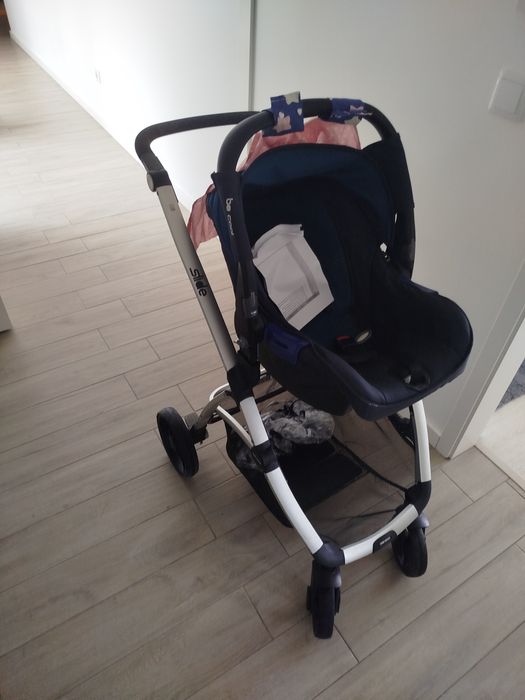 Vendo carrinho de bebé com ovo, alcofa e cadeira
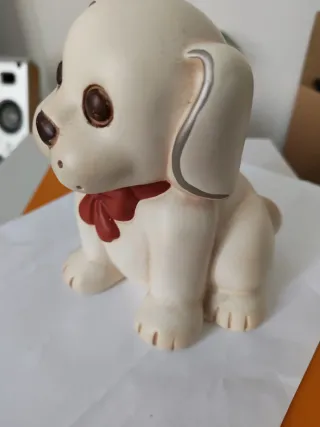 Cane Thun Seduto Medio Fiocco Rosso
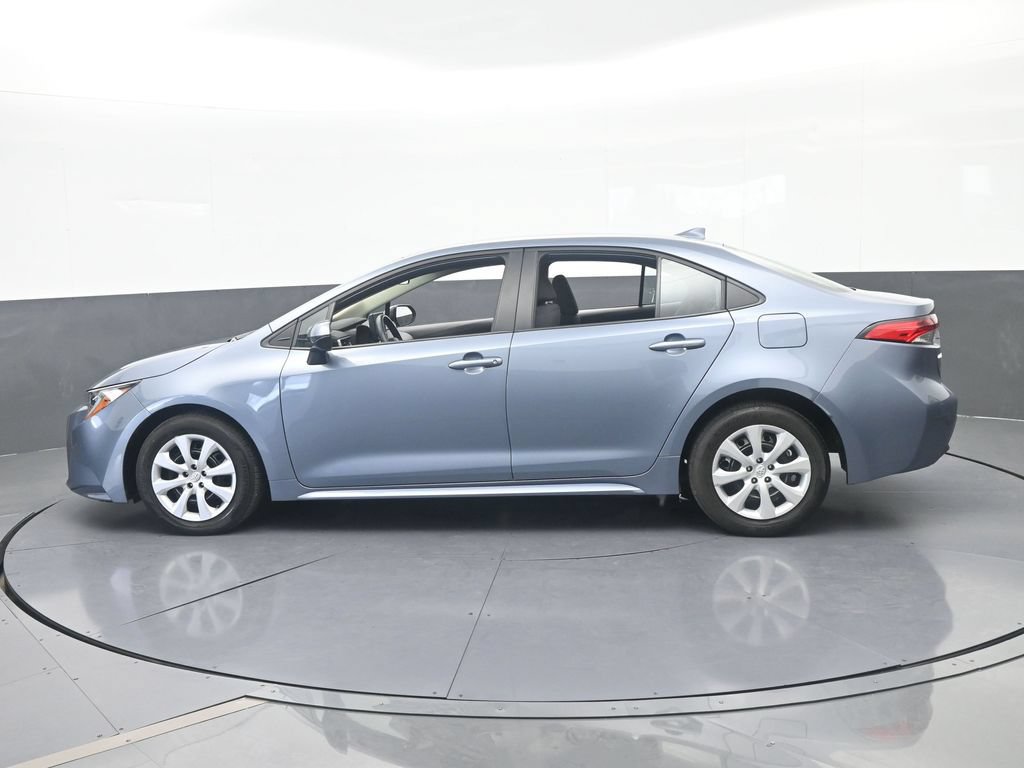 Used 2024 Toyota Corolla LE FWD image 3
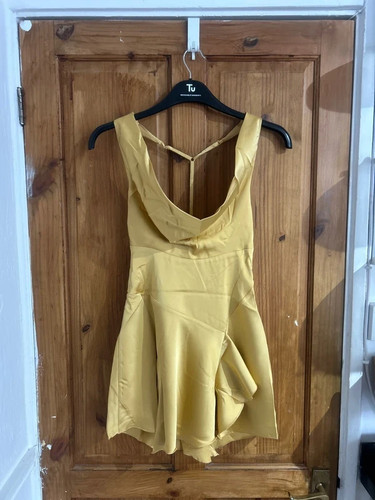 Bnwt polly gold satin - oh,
---
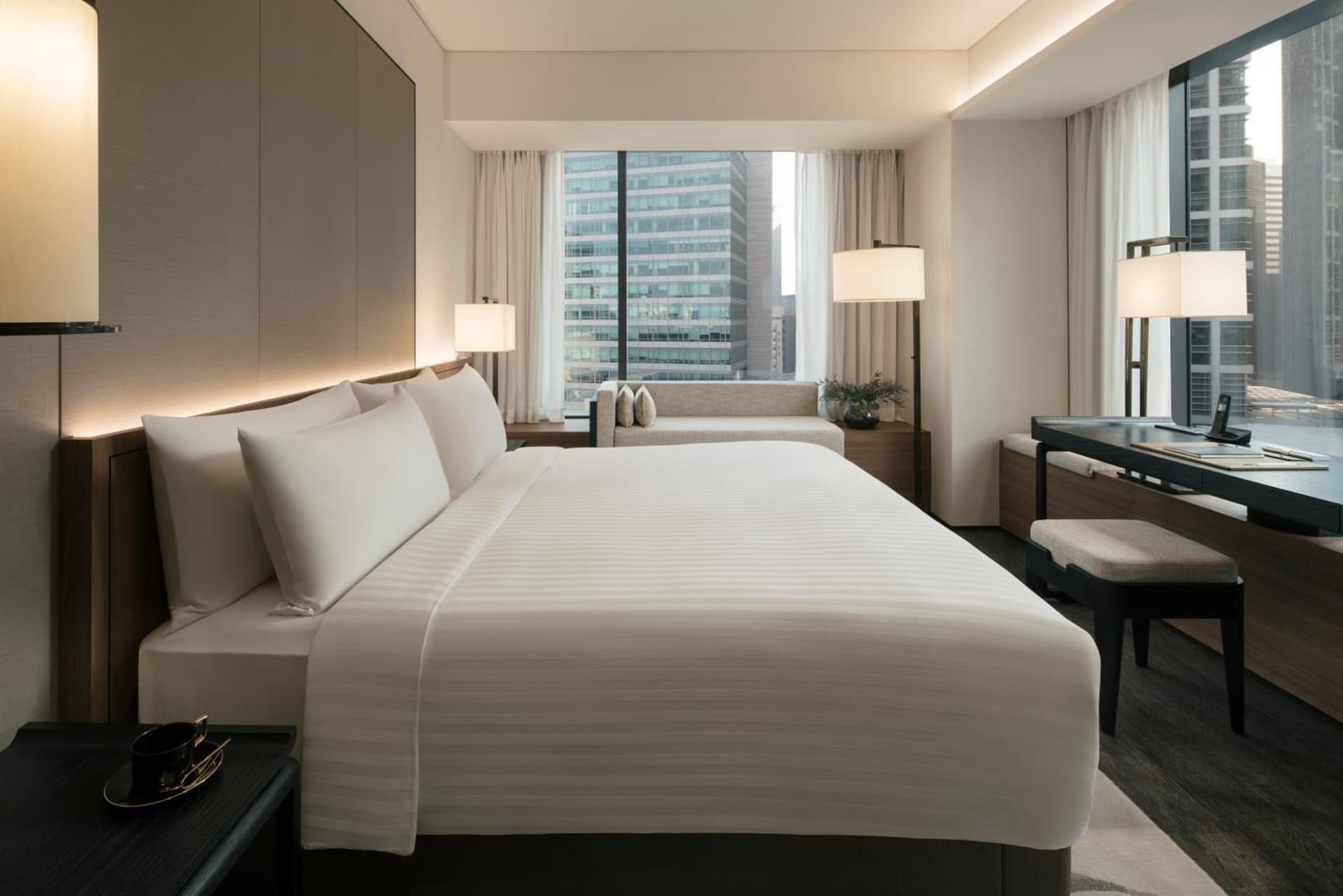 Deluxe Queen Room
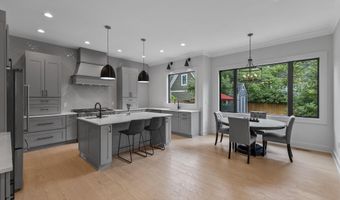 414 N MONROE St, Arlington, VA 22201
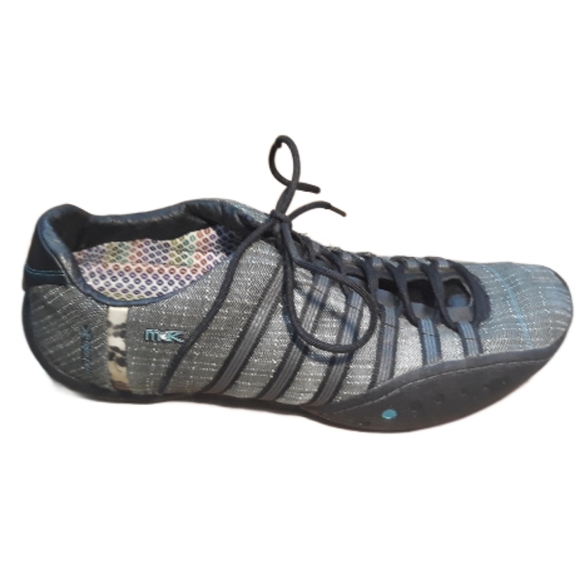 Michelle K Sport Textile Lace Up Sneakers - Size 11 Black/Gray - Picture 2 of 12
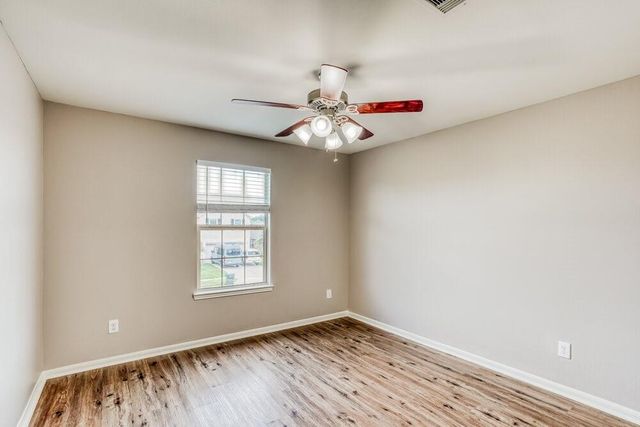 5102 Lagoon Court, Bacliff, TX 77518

• Exercise details
Line for line, output the entries above from the line with "Vendo carrinho de" to the line with "Bnwt polly gold", both included, and nothing more. Skip pictures.

• Your response
 Vendo carrinho de bebé com ovo, alcofa e cadeira
 Cane Thun Seduto Medio Fiocco Rosso
 Used 2024 Toyota Corolla LE FWD image 3
 Bnwt polly gold satin - oh,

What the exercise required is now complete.